One tool that can be helpful in that respect is a bias dashboard that separately analyzes how a people analytics tool performs across different groups (e.g. race), allowing early detection of possible bias. This dashboard highlights, across different groups, both the statistical performance as well as the impact. As an example, for an application supporting hiring, the dashboard may summarize the accuracy and the type of mistakes the model makes, as well as the fraction from each group that got an interview and was eventually hired.
In addition to monitoring performance metrics, managers can explicitly test for bias. One way to do this is to exclude a particular demographic variable (e.g., gender) in training the AI-based tool but then explicitly include that variable in a subsequent analysis of outcomes. If gender is highly correlated with outcomes — for example, if one gender is disproportionately likely to be recommended for a raise — that is a sign that the AI tool might be implicitly incorporating gender in an undesirable way. It may be that the tool disproportionately identified women as candidates for raises because women tend to be underpaid in your organization. If so, the AI-tool is helping you solve an important problem. But it could also be that the AI tool is reinforcing an existing bias. Further investigation will be required to determine the underlying cause.
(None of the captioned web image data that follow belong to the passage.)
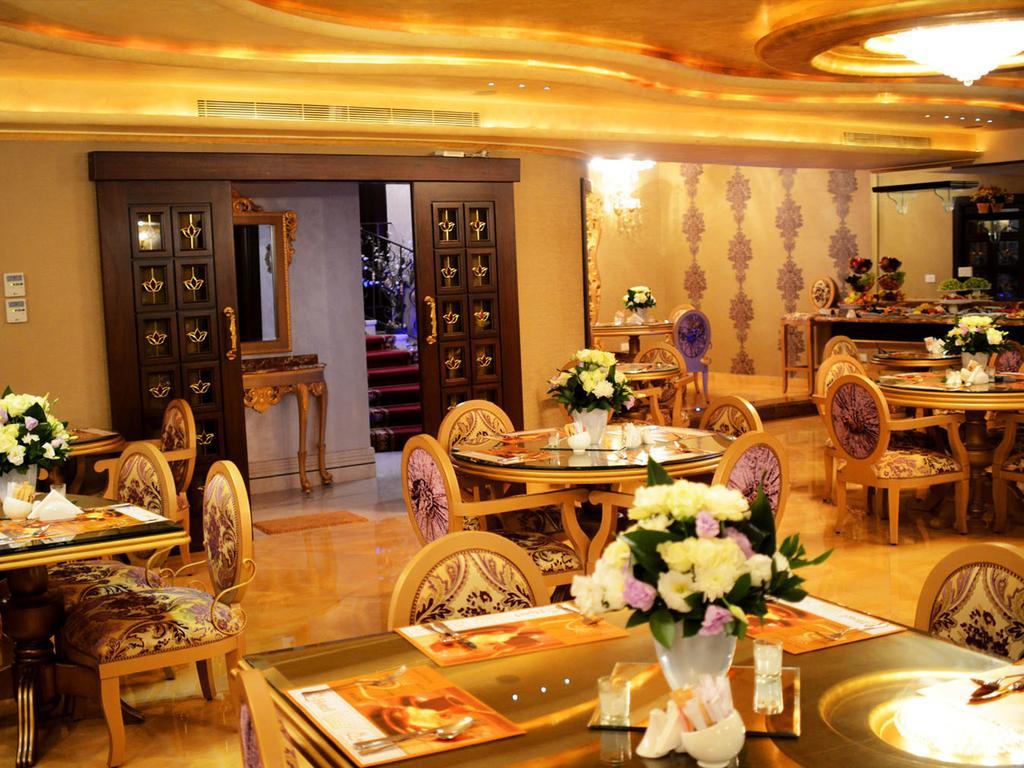 Q Hotel Beirut Esterno foto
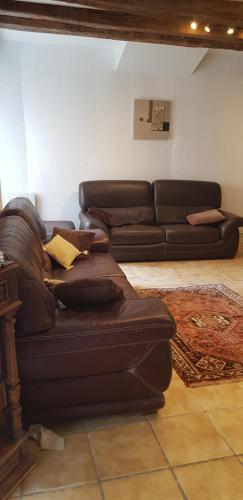 Ruang duduk di L'Aude Vie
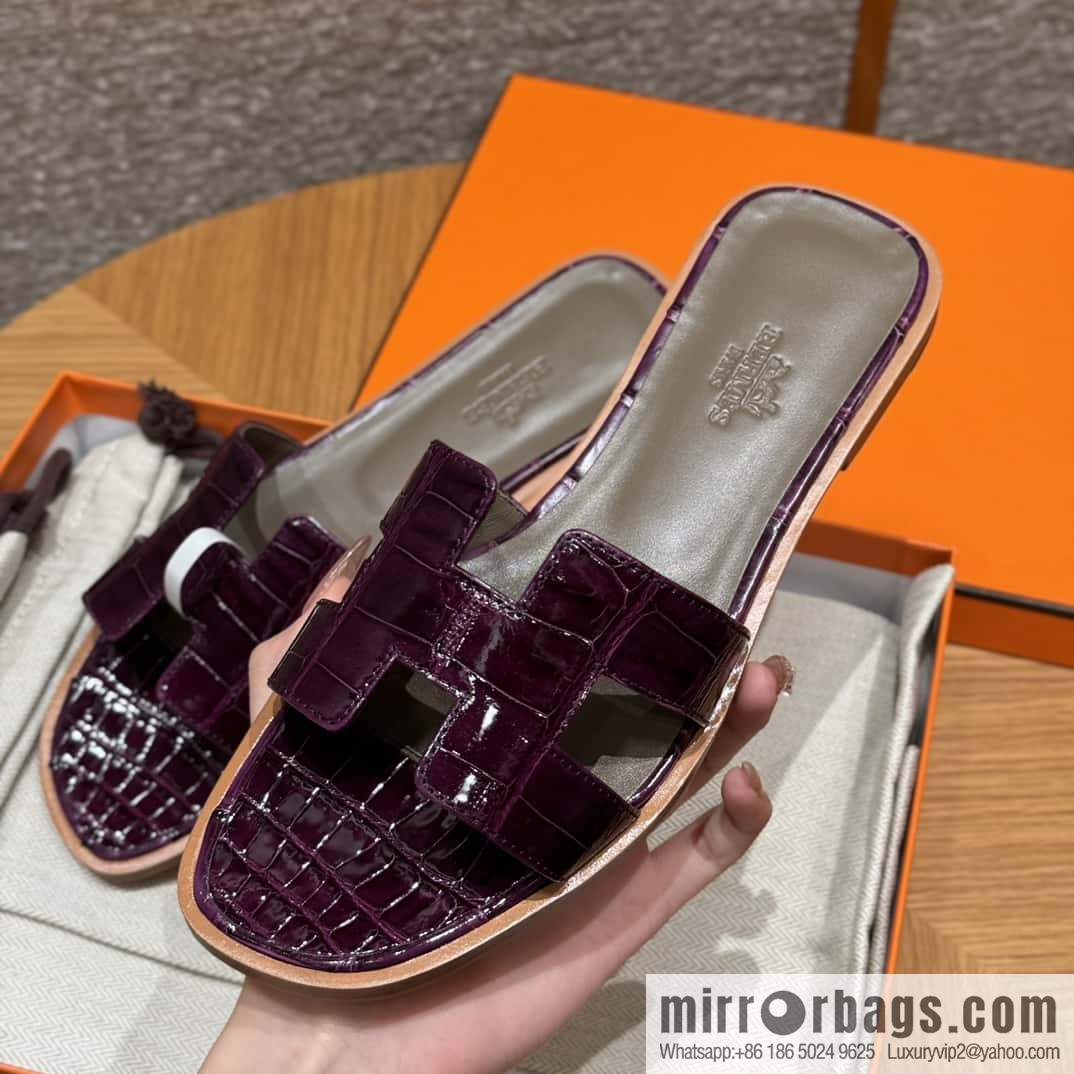 Hermès 181 Oran Sandals N5/Cassis/Gallon Purple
It’s important to remember that no model is complete. For instance, an employee’s personality likely affects their success at your firm without necessarily showing up in your HR data on that employee. HR professionals need to be alert to these possibilities and document them to the extent possible. While algorithms can help interpret past data and identify patterns, people analytics is still a human-centered field, and in many cases, especially the difficult ones, the final decisions are still going to be made by humans, as reflected in the current popular phrase “human-in-the-loop-analytics.”
To be effective, these humans need to be aware of machine learning bias and the limitations of the model, monitor the models’ deployment in real-time and be prepared to take necessary corrective action. A bias-aware process incorporates human judgement into each analytical step, including awareness of how AI tools can amplify biases through feedback loops. A concrete example is when hiring decisions are based on “cultural fit,” and each hiring cycle brings more similar employees to the organization, which in turn makes the cultural fit even narrower, potentially working against diversity goals. In this case broadening the hiring criteria may be called for in addition to refining the AI tool.
People analytics, especially based on AI, is an incredibly powerful tool that has become indispensable in modern HR. But quantitative models are intended to assist, not replace, human judgment. To get the most out of AI and other people analytics tools, you will need to consistently monitor how the application is working in real time, what explicit and implicit criteria are being used to make decisions and train the tool, and whether outcomes are affecting different groups differently in unintended ways. By asking the right questions of the data, the model, the decisions, and the software vendors, managers can successfully harness the power of People Analytics to build the high-achieving, equitable workplaces of tomorrow.